§ Work task
Each line below that holds the string "Small" counts once; report the total and nothing else.

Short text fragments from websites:
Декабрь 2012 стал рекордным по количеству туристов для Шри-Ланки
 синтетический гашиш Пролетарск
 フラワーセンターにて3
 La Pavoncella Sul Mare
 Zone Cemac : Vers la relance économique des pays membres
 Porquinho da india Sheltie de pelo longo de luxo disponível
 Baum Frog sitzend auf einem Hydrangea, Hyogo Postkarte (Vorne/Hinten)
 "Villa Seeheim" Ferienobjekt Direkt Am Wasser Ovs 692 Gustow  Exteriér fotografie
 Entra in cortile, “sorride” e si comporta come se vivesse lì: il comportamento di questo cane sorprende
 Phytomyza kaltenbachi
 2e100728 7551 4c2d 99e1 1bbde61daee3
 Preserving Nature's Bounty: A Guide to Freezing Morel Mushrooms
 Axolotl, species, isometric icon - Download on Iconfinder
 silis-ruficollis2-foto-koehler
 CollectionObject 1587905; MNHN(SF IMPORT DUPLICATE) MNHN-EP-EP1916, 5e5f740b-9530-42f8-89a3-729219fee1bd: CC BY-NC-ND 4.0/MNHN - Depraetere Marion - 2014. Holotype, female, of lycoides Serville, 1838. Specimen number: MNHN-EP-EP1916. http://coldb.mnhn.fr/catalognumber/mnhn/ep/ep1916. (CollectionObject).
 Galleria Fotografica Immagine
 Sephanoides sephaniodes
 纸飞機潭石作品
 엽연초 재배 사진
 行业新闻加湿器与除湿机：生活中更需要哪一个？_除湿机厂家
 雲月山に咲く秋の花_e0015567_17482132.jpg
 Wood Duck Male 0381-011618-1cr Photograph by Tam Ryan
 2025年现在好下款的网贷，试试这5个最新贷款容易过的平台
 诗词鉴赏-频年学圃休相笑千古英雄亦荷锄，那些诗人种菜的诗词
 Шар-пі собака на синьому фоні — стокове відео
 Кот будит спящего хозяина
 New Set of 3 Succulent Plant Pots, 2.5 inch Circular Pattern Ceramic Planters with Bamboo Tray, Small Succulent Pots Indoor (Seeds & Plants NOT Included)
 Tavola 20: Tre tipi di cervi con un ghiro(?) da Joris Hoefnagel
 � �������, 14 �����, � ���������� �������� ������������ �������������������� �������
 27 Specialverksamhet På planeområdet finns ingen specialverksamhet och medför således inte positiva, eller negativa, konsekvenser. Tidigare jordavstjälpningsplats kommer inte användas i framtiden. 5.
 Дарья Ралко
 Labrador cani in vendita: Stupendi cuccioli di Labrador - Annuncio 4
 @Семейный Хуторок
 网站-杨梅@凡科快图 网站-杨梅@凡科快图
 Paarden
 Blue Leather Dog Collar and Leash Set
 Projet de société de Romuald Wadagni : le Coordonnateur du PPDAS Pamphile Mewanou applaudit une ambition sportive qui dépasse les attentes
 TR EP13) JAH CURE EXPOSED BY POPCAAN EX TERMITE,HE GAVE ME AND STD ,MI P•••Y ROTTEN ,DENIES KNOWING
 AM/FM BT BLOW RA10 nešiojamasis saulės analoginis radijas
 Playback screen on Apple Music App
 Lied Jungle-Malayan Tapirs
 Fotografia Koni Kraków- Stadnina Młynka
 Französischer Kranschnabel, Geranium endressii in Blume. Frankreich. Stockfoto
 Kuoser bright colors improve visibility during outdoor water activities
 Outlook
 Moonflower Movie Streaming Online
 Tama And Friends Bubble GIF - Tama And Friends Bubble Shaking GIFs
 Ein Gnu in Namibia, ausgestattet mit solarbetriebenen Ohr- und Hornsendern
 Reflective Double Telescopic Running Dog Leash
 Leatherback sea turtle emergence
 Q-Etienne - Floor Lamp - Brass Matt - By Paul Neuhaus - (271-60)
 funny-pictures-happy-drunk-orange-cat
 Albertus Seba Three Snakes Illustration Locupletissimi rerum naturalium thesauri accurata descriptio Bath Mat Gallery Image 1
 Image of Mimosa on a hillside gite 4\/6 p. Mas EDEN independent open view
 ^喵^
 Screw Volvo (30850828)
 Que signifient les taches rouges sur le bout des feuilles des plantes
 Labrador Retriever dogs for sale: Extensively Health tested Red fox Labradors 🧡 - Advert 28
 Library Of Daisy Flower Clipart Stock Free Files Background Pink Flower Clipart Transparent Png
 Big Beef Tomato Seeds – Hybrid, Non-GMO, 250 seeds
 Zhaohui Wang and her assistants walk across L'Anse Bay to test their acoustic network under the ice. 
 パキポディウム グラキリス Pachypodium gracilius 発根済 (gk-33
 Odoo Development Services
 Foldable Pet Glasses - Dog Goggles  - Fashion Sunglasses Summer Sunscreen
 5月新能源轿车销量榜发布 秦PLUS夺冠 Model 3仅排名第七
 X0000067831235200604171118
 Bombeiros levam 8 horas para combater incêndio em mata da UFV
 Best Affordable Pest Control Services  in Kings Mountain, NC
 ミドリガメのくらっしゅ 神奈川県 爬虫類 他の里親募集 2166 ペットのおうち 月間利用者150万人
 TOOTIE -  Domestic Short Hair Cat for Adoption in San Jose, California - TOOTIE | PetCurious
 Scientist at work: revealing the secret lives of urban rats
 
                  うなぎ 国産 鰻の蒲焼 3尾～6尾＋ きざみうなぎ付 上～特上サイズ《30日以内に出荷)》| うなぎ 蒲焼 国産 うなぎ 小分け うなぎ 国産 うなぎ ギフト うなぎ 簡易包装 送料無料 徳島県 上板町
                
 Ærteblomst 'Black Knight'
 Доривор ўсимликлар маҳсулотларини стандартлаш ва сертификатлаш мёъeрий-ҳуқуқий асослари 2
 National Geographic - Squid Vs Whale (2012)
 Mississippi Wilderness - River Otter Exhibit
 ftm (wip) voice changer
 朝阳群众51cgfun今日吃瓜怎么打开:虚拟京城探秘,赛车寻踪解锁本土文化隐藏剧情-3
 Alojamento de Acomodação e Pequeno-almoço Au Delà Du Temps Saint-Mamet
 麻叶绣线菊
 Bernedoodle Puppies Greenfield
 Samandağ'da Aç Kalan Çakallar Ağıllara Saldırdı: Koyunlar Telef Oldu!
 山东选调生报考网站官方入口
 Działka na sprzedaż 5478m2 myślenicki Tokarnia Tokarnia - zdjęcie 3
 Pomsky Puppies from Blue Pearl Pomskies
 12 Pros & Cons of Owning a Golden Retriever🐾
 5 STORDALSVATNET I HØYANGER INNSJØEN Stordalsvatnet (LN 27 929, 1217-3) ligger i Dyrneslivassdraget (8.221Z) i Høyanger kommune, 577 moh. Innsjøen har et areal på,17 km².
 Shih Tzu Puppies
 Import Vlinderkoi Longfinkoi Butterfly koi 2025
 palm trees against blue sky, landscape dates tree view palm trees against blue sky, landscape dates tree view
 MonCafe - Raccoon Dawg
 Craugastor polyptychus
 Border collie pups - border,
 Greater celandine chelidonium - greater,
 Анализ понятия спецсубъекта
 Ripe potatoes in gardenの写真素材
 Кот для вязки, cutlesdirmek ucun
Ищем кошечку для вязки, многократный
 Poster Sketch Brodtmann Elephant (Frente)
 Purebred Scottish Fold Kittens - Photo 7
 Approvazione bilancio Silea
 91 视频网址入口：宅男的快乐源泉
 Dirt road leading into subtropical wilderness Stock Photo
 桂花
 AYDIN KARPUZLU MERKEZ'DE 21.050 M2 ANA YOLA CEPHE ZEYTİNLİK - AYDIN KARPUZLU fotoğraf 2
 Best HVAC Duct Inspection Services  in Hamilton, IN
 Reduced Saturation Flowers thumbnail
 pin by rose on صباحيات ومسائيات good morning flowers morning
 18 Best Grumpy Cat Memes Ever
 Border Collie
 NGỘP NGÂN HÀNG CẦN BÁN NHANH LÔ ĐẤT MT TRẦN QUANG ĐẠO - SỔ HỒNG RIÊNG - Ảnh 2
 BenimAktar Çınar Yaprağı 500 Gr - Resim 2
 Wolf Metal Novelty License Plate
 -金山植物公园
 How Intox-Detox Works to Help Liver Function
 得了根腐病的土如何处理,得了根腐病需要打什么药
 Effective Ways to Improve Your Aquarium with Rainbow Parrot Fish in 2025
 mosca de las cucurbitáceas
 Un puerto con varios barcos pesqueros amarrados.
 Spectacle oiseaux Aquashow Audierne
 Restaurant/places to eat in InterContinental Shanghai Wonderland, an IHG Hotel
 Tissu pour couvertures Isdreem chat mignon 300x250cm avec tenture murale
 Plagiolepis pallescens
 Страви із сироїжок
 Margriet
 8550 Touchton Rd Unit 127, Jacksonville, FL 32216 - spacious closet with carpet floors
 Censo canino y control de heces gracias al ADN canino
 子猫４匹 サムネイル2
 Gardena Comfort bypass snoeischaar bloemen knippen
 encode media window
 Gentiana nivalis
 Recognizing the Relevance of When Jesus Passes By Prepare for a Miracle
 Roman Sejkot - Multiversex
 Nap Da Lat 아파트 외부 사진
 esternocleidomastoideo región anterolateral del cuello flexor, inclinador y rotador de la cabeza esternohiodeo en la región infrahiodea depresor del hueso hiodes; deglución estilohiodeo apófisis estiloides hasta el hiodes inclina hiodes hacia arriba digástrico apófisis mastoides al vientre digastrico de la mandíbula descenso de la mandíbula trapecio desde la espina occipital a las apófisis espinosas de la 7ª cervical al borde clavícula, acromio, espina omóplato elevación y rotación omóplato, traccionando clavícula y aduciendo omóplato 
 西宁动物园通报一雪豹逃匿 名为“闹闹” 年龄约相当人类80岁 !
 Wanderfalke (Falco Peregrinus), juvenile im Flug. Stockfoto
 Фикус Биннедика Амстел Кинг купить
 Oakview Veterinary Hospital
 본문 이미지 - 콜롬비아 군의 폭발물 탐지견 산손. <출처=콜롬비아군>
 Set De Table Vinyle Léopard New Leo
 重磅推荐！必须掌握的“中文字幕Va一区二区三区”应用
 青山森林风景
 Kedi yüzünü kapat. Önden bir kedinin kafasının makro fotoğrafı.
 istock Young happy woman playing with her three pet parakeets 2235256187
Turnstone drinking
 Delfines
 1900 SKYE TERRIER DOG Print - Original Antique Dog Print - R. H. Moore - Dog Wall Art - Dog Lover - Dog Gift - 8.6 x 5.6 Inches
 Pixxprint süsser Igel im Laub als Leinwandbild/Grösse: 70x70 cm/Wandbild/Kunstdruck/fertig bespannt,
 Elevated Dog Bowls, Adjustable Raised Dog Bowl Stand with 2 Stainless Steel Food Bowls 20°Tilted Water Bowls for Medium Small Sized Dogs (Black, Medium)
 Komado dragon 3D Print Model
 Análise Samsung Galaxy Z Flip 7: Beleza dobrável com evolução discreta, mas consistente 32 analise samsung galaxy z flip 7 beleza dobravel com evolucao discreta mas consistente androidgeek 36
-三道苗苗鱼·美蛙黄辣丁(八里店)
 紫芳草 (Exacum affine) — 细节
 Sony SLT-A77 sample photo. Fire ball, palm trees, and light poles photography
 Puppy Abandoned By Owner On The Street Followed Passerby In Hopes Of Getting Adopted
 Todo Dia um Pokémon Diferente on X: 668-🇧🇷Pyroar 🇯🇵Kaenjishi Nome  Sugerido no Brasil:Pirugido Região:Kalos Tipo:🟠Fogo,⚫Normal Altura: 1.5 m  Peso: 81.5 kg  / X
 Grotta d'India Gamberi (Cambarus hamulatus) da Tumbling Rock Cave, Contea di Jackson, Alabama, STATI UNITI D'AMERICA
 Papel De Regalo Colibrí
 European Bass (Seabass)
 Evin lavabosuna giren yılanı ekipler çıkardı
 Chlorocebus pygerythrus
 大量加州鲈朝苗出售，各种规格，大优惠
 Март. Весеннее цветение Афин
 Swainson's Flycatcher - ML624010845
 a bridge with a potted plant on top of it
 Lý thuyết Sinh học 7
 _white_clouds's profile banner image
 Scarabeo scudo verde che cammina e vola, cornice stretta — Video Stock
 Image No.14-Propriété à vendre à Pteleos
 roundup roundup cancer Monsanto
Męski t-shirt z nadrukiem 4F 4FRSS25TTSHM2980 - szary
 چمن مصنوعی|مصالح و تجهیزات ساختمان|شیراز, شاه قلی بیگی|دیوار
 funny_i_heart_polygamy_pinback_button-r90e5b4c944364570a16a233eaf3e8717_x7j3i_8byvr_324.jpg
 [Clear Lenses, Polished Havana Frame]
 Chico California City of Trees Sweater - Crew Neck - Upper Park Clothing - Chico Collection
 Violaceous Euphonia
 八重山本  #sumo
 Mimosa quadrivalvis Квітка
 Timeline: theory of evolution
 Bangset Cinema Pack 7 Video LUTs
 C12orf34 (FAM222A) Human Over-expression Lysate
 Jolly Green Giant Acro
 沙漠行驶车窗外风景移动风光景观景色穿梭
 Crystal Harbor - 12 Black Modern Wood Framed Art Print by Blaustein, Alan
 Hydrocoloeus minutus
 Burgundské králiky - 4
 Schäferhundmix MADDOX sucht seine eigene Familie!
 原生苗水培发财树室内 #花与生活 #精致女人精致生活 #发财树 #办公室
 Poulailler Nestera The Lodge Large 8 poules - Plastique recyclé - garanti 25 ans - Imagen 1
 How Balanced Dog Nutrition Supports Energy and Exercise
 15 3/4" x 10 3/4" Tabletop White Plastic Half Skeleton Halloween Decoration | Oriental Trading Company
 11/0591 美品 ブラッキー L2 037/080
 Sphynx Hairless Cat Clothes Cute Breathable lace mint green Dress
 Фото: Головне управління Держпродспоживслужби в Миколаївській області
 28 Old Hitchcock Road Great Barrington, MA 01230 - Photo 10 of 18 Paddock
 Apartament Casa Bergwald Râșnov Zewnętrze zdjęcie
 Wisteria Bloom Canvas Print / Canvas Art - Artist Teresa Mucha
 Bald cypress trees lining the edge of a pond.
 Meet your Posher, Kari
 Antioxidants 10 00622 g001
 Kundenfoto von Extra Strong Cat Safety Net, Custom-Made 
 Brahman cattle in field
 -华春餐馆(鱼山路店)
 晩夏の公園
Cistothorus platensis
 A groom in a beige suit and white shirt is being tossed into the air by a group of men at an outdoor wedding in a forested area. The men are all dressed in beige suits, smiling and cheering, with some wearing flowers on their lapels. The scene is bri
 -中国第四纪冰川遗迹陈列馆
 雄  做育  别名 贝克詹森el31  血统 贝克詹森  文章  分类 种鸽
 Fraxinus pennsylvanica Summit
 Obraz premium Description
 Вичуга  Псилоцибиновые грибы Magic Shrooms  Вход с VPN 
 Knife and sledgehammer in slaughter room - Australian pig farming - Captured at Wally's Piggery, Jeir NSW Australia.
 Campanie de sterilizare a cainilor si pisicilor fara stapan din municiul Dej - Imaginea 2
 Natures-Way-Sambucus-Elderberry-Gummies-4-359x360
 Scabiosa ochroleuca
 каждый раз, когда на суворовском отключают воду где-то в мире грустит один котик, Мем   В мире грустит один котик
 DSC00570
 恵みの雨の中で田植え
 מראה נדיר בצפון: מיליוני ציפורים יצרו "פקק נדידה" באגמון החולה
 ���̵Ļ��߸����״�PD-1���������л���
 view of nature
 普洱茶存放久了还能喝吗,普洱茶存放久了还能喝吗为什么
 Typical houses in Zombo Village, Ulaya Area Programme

§ Response to this exercise
2